Monday, April 28, 2008

Random Notes

After a very unexpected and not very pleasant Sunday morning, Sunday afternoon improved considerably, even if the weather was hotter than the hinges of hell, for the latest number of Gilbert Magazine came the other day and, once my eyes decided to function again, was available for a good read. Therein we found:
"If you ask me to extend my sympathy to the poor fox, pursued by savage sportsmen, shall I not also extend it to the poor sportsman, pursued by savage humanitarians?" ["Clemens", Chesterton, As Seen by His Contemporaries, p. 55]
"A great deal of modern art claims to be created in the spirit of tomorrow because it is very carefully and laboriously copied from what was done only yesterday. A thing is called futurist merely because it is fashionable; curiously ignoring the fact that the fashion will be over when the future arrives." [GKC's Introduction to The New World of the Theatre]
And on page 4 a notice that the brilliant, if exceedingly odd, Bobby Fischer, who died last January 17, received a Catholic funeral in Iceland where he died. I had not seen that before or had any idea that he might be Catholic.

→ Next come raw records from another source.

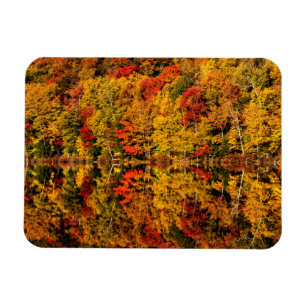 Fall Reflection on Russell Pond New Hampshire Magnet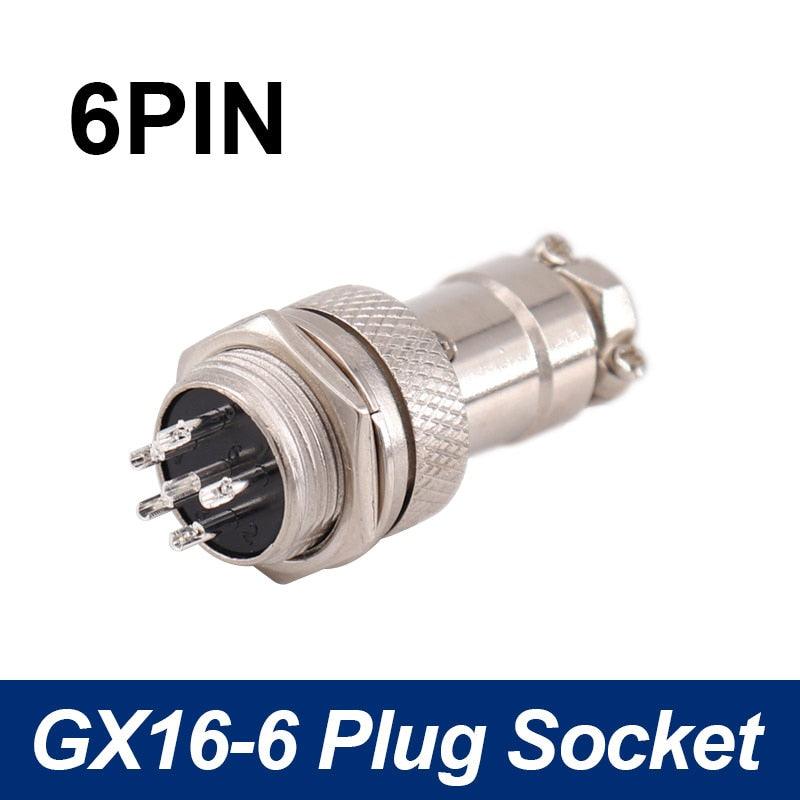 5/8' GX16 Aviation Cable Connector 2Pin-10pin Male Plug & Female Socket Connectors.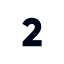 A bold, black number 2 centered on a white circular background with a thin black border, symbolizing the dual impact of effective Digital Marketing for Local Business Growth.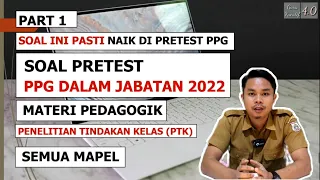 SOAL PRETEST PPG DALAM JABATAN 2022 TERBARU PART 1 PENELITIAN TINDAKAN KELAS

The news from Reno reminds me that the traditional Roman Rite had votive prayers for just this sort of thing:

Almighty, everlasting God, who dost look upon the earth and make it tremble, spare those who are afraid, and be merciful to those who pray to Thee: that we who fear Thine anger, which shaketh the the foundations of the earth, may always experience Thy mercy, which healeth its commotions. Through our Lord. Amen.

Omnipotens sempiterne Deus, qui respicis terram, et facis eam tremere: parce metuentibus, propitiare supplicibus: ut, cuius iram terræ fundamenta concutientem expavimus, clementiam contritiones eius sanantem iugiter sentiamus. Per Dominum nostrum Iesum Christum Filium ruum, qui tecum vivit. . . .Amen.

If the Pauline Rite has such a thing, it certainly isn't very widely available.